Cardinal Health Reports Record Third Quarter Revenues And Earnings
View printable release and financial data.
DUBLIN, Ohio, April 23, 2003– Cardinal Health, Inc. (NYSE: CAH), the leading provider of products and services supporting the health care industry, today reported record results for its fiscal 2003 third quarter ended March 31, 2003 (as reported in accordance with generally accepted accounting principles):
• Earnings per diluted share from continuing operations grew 29 percent to $0.85.
• Operating revenues increased to $12.8 billion, up 11 percent.
• Operating earnings rose 23 percent to $608 million.
• Earnings from continuing operations improved 28 percent to $385 million.

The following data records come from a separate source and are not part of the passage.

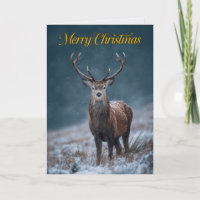 Majestätische Rothirsch-Hirsch-Foto-Weihnachtskart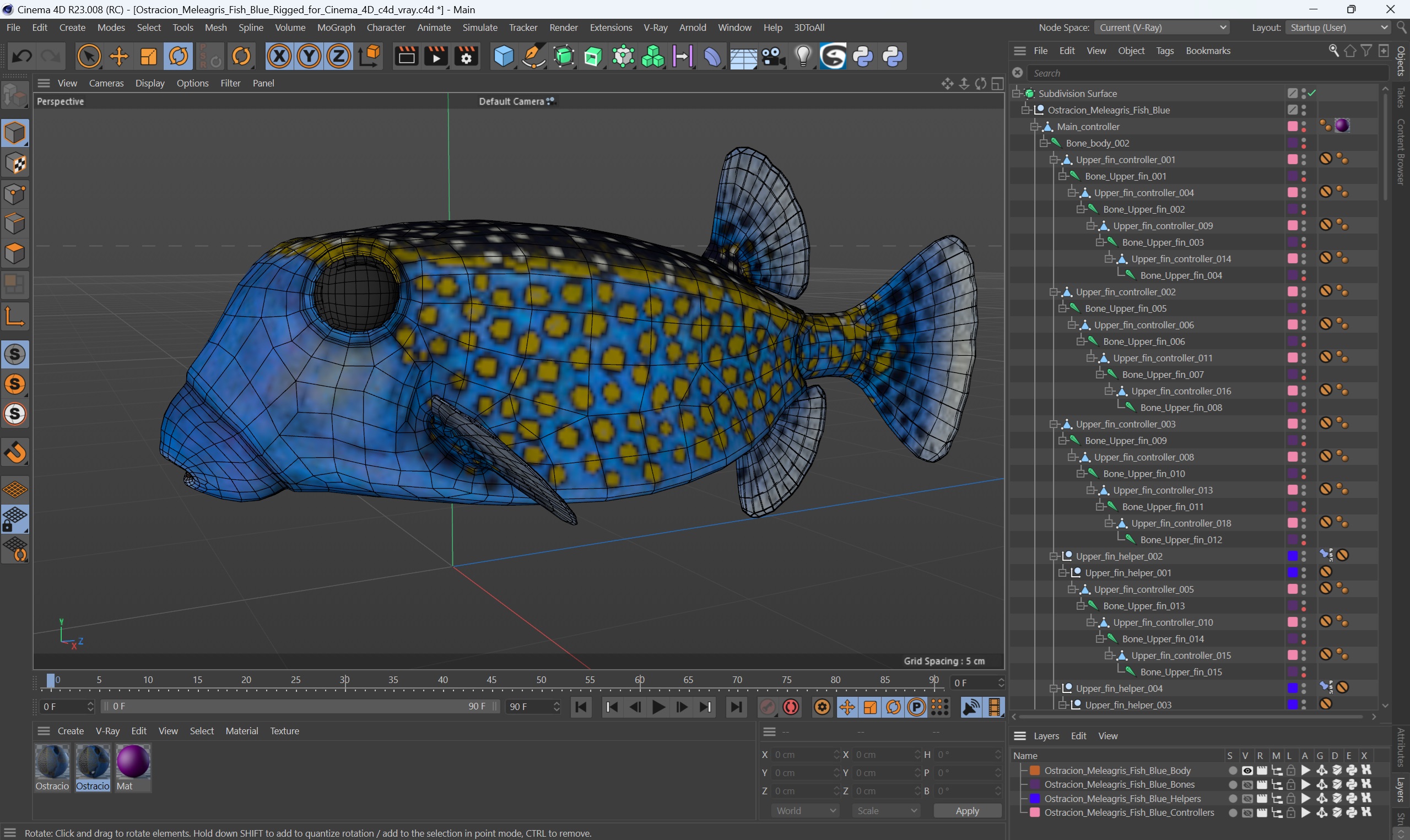 3D model Ostracion Meleagris Fish Blue Rigged for Cinema 4D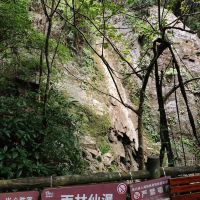 評論圖片 2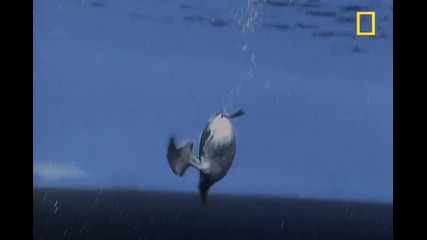 Страхотна подводна птица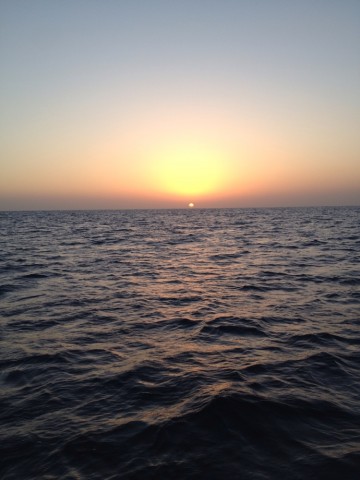 wahjrkz7ehjzfkj6bm84_690_920-ddf9c80d.jpg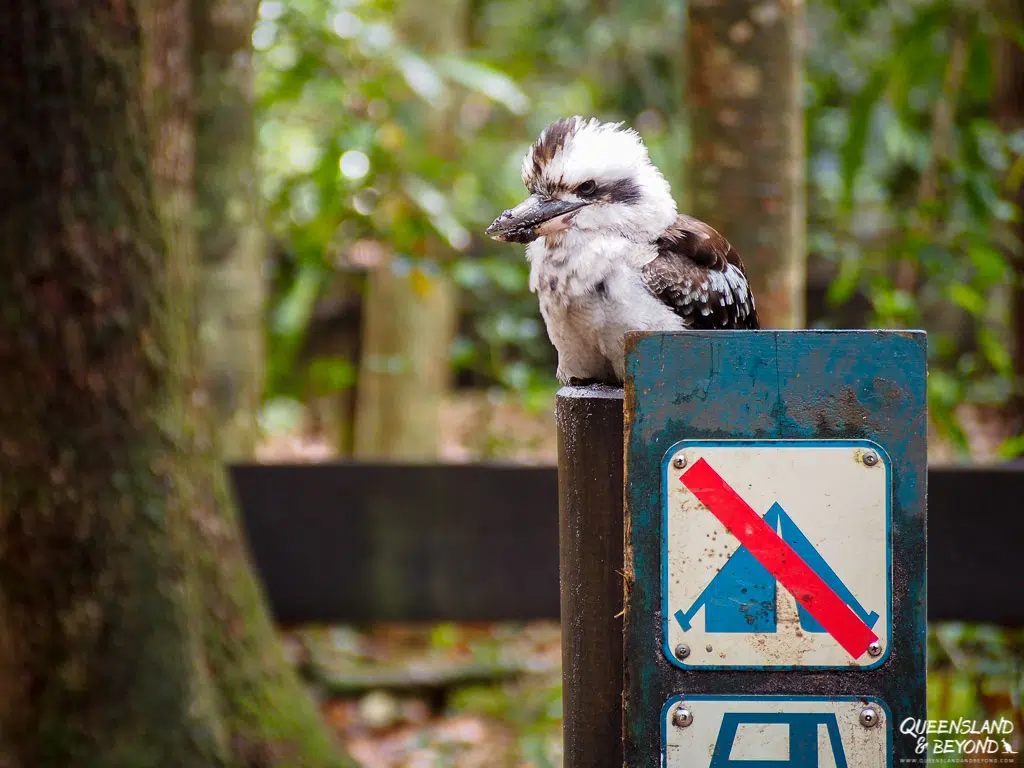 Kookaburra, Fraser Island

"This quarter’s revenue and earnings performance was record setting and broad based,” said Robert D. Walter, chairman and chief executive officer. “High quality earnings yielded record rates of return on sales, committed capital and equity, while expense and capital efficiency generated significant cash flow. Additionally, we continued to invest in our future during the quarter.”
“Demonstrating the benefits of our diverse portfolio of health care businesses, earnings were driven by strong gains in each of the company’s business segments, highlighted by a terrific quarter at Automation and Information Services and Medical Products and Services. The integration of Syncor International Corporation, which we acquired in early January 2003, is progressing smoothly and the combined nuclear pharmacy services business in Pharmaceutical Technologies and Services delivered a very strong quarter.”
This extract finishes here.